--- Given data ---
━━━━━━━━━━

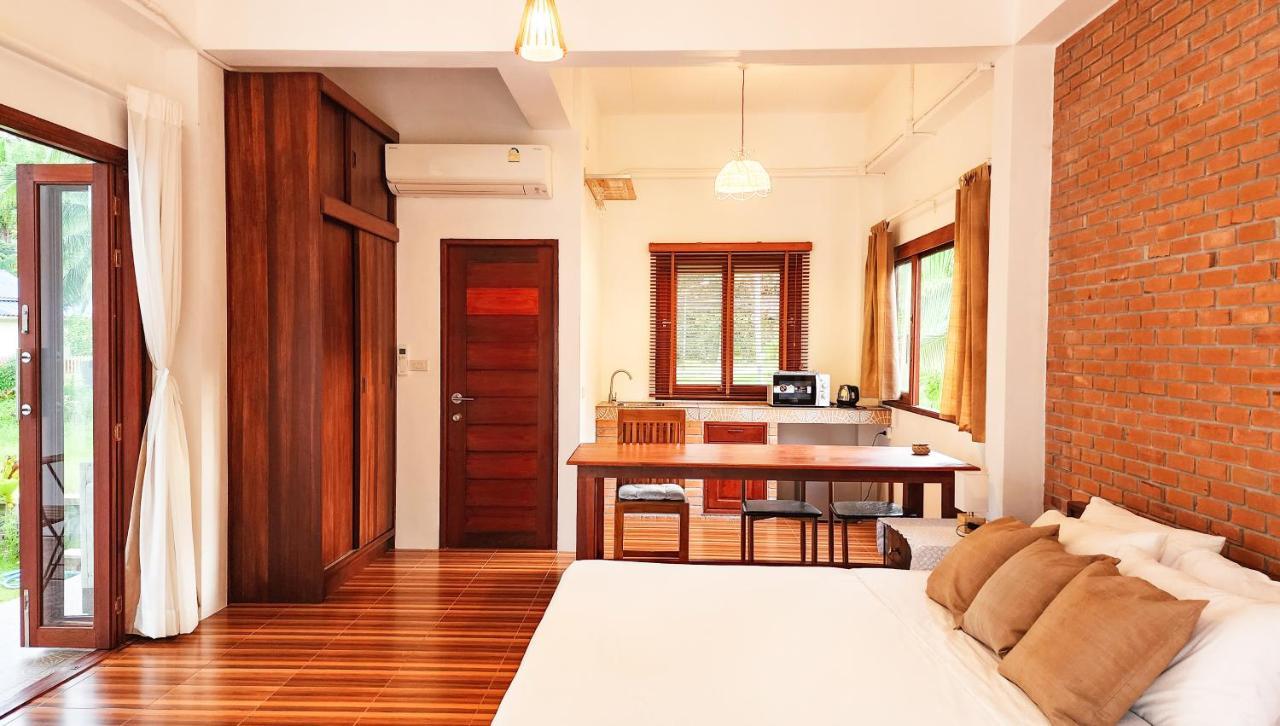 Baan Bhuwann Holiday Apartment Chaloklum Buitenkant foto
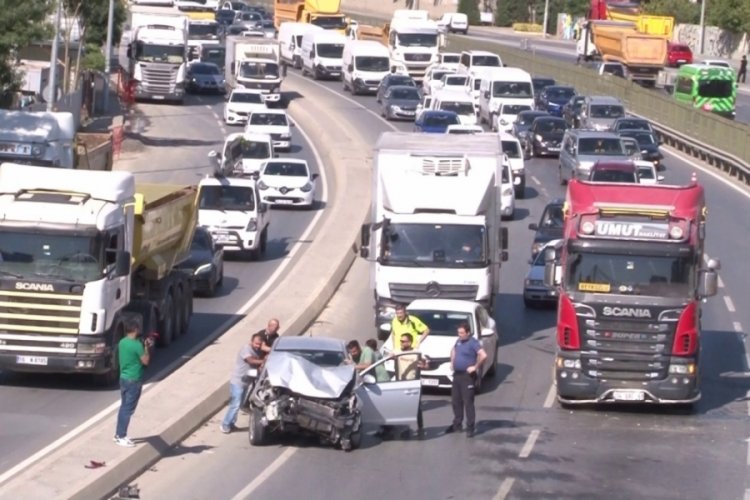 Zincirleme trafik kazası, trafik yoğunluğu oluşturdu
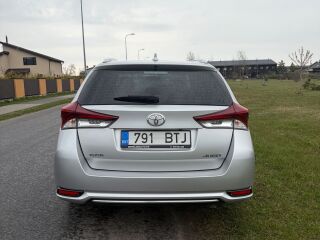 Toyota Auris 1.6 97kW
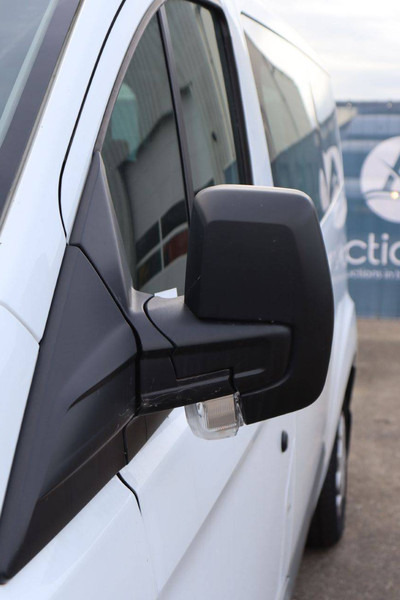 Цельнометаллический фургон Ford Transit Custom: фото 13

━━━━━━━━━━

--- Work order ---
Reproduce every line of the material above, but drop the pictures.

--- Result of this task ---
 Baan Bhuwann Holiday Apartment Chaloklum Buitenkant foto
 Zincirleme trafik kazası, trafik yoğunluğu oluşturdu
 Toyota Auris 1.6 97kW
 Цельнометаллический фургон Ford Transit Custom: фото 13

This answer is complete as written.